Share

Chapter 2

Azan subuh berkumandang saat Nada menggeliat di ranjang sambil berusaha meregangkan otot-ototnya. Ia juga berusaha membuka kedua matanya lebar-lebar di tengah keremangan cahaya lampu tidur di kamar itu. Tapi tunggu! Ia merasakan sebuah tangan kekar memeluk erat dirinya. Ia menoleh ke arah samping kirinya. Alfa masih tertidur lelap. Tiba-tiba kesadaran menghampiri Nada dan ia berteriak.

"Kak Alfaaa!!!"

Alfa tersentak kaget karena teriakan Nada.

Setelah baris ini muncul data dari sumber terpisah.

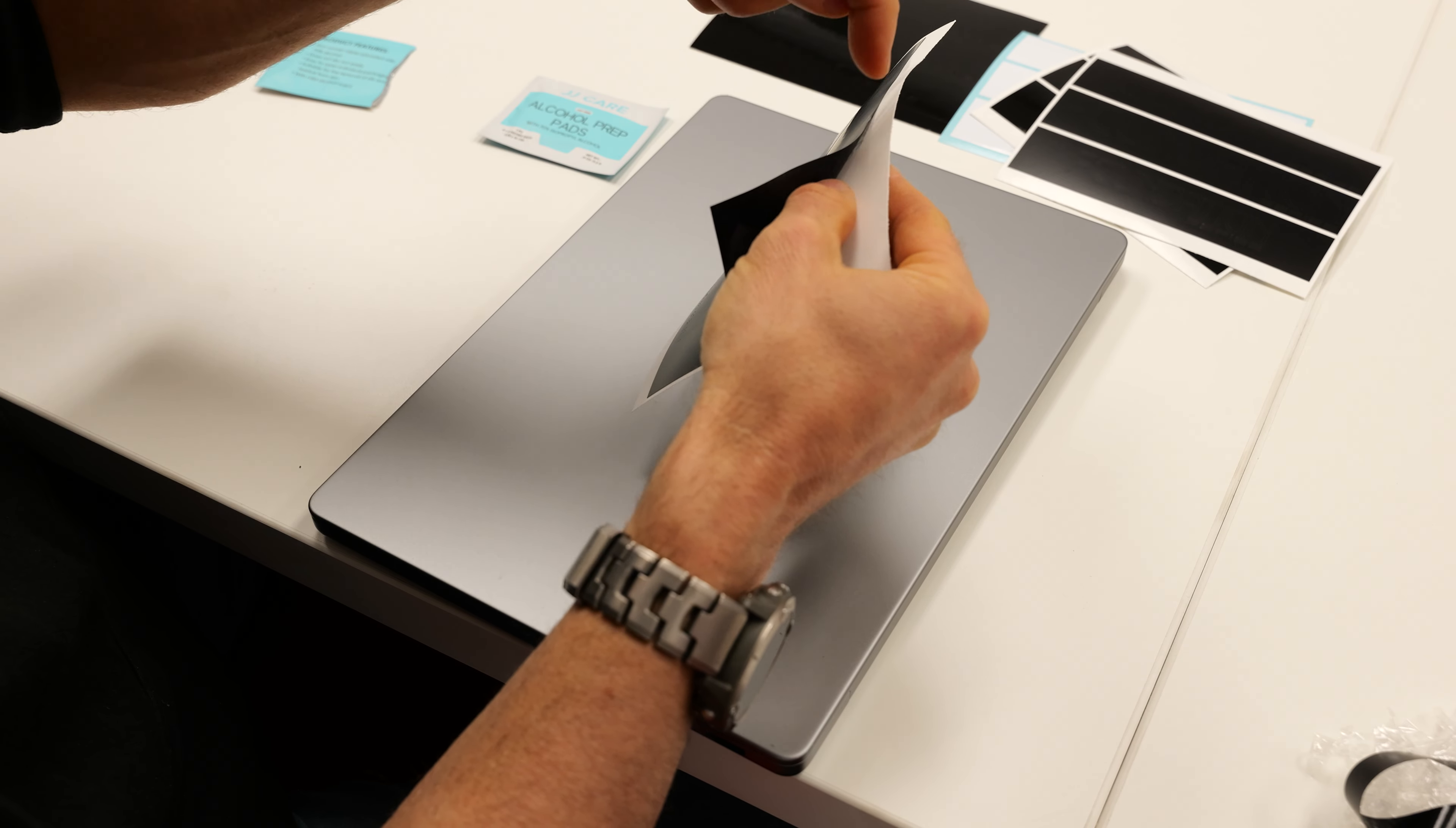First thing I'm going to do is weed out the decals. What I mean by that is let's pull the surrounding vinyl up. You can use a finger to hold down the decal, so you're going to end up with three rectangular decal sets.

"Ada apa, sih?" tanya Alfa seraya mengucek kedua matanya.

"Ke-kenapa Kak Alfa tidur di sini?"

Alfa mendengus kesal.

"Tentu saja aku tidur di sini. Di sini tuh empuk, hangat, apalagi bisa sambil meluk kamu," jawab Alfa sambil mengeratkan pelukannya pada Nada.

Nada berusaha keras untuk melepaskan diri, tapi Alfa tak bergeming.

"Ih, Kak! Kan Kakak bisa tidur di sofa!" cetus Nada.

"What? Aku? Tidur di sofa? No, Honey! Sofa itu tidak muat untukku. Aku lebih nyaman di sini."

"Ka-kau ti-tidak me-mengambil kesempatan, kan?" tanya Nada dengan terbata-bata.

"Hahaha. Hei, nyonya Narendra junior! Kamu masih memakai jilbabmu, bahkan kamu menutup kedua kakimu dengan kaus kaki," ujar Alfa kesal sambil menarik kembali selimut hingga menutupi kepalanya.

"Ish, Bangun! Ini udah subuh! Buruan shalat subuh!" perintah Nada sambil memukul tubuh kekar Alfa dengan bantal guling.

"Oke... Oke! Aku bangun! Berisik banget sih!" gerutu Alfa.

Alfa segera bangkit dari ranjang menuju kamar mandi untuk mandi dan mengambil air wudhu.

Saat Alfa keluar dari kamar mandi dalam keadaan sudah memakai baju koko putih dan celana panjang kain hitam, ia mendapati Nada kembali tertidur.

"Nada, Kok kamu tidur lagi, sih?"

"Aku lagi halangan, Kak! Udah sana ke masjid! Ganggu orang tidur aja!" gerutu Nada.

"Lho, yang ganggu orang tidur duluan tadi siapa? Dasar gadis jutek!" gerutu Alfa dalam hati.

"Kalo sampai aku balik dari masjid kamu belum bangun, awas ya!"

Nada hanya membalas dengan gumaman membuat Alfa mendengus kesal lagi lalu ia membuka pintu dan menutup pintunya kembali.

Satu jam kemudian, Alfa kembali dari masjid. Tanpa mengucap salam dan ketukan pintu, ia masuk begitu saja. Ia tertegun melihat pemandangan indah di hadapannya. Untuk pertama kalinya, ia melihat Nada tanpa jilbab yang menutupi rambut indahnya.

"Na-Nada..." gumam Alfa.

"Ka-Kak A-Alfa?"

Nada segera mengambil jilbab bergo warna pink salem miliknya lalu membawanya ke kamar mandi, sedangkan Alfa yang melihat tingkah lucu istrinya malah tersenyum geli.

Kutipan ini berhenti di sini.